■ **WHAT THE TASK ASKS**
Pictures aside, copy exactly the lines running from the one with "Used 2023 Volvo" to the end of the records.

■ **EXCERPTED RECORDS**
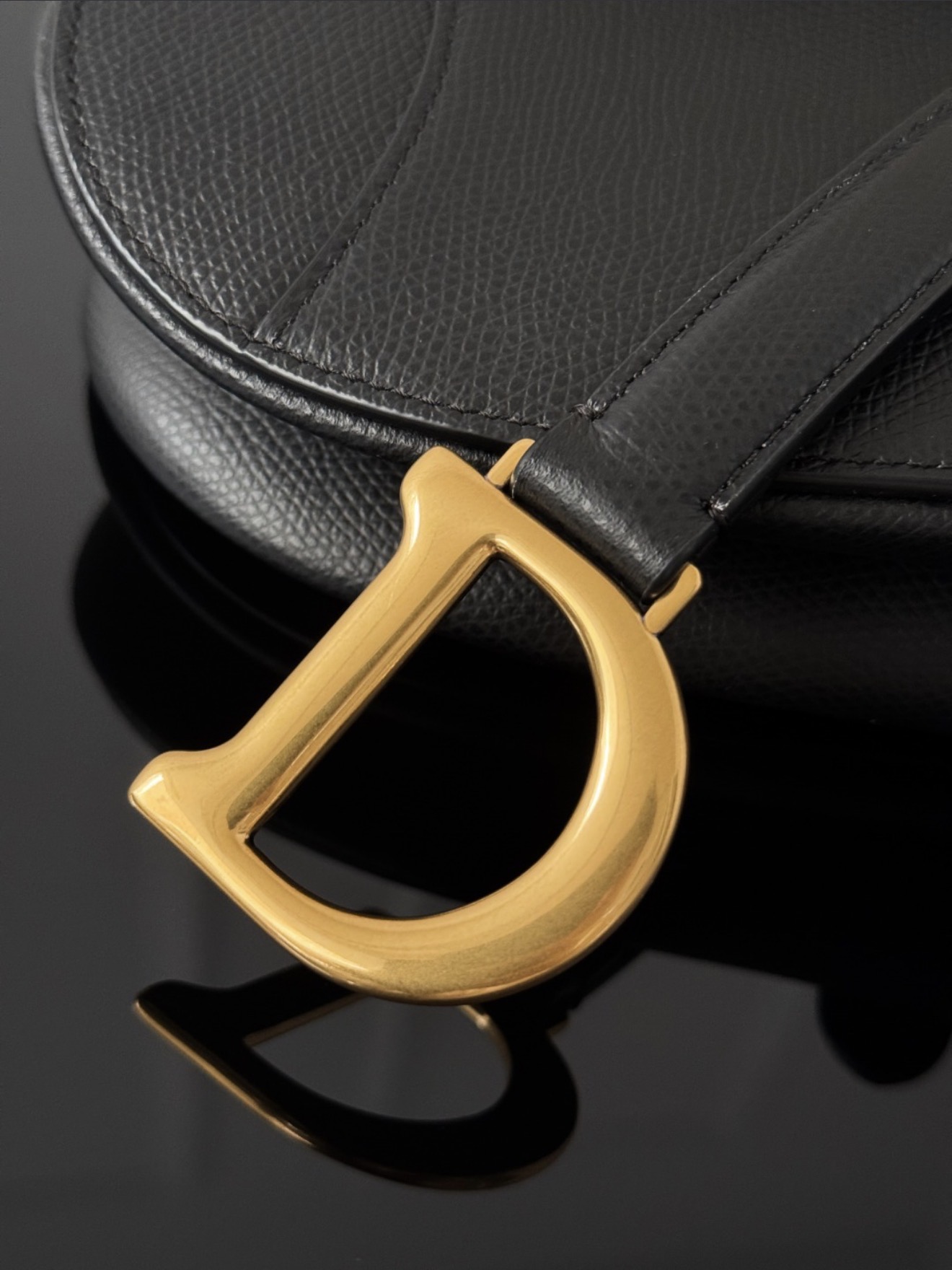 Saddle - Small Black — صورة 2 من 9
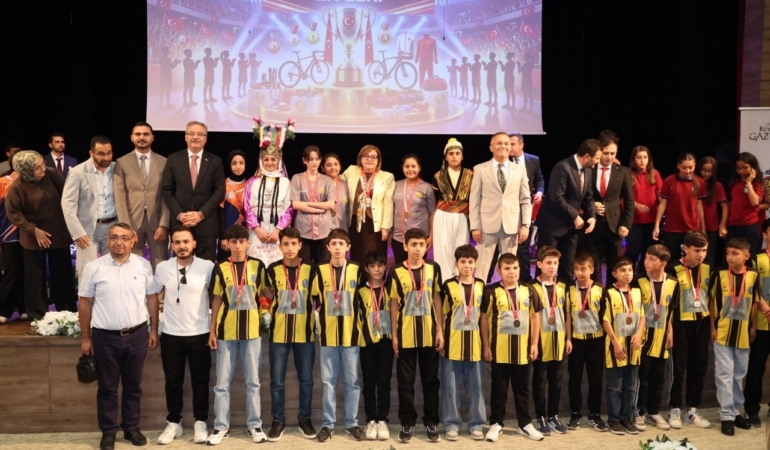 Gaziantep'te "Okul Sporları Enleri" programı düzenlendi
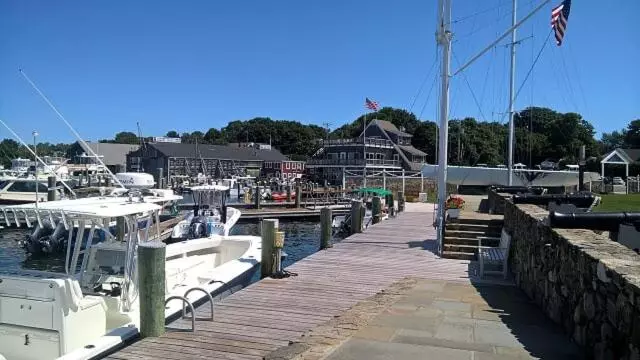 Отель Santuit Inn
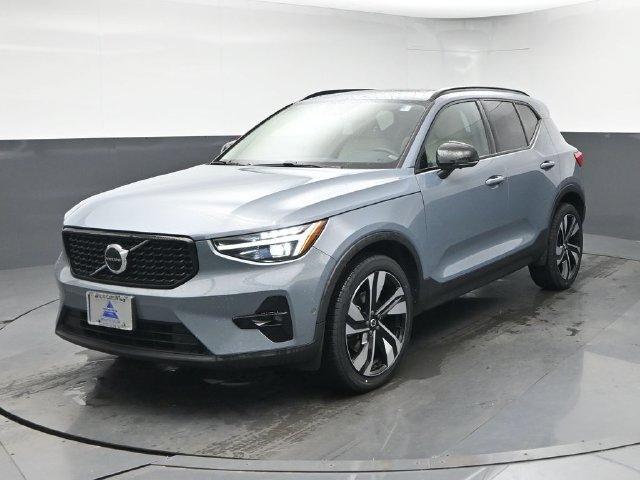 Used 2023 Volvo XC40 B5 Ultimate w/ Climate Package AWD/4WD image 3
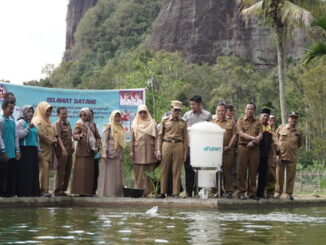 Tim penilai Pokdakan berprestasi Tingjat Sumbar melihat kolam ikan Pokdakan Ruyuang Solok Bio-Bio.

■ **ANSWER TO THE EXERCISE**
 Used 2023 Volvo XC40 B5 Ultimate w/ Climate Package AWD/4WD image 3
 Tim penilai Pokdakan berprestasi Tingjat Sumbar melihat kolam ikan Pokdakan Ruyuang Solok Bio-Bio.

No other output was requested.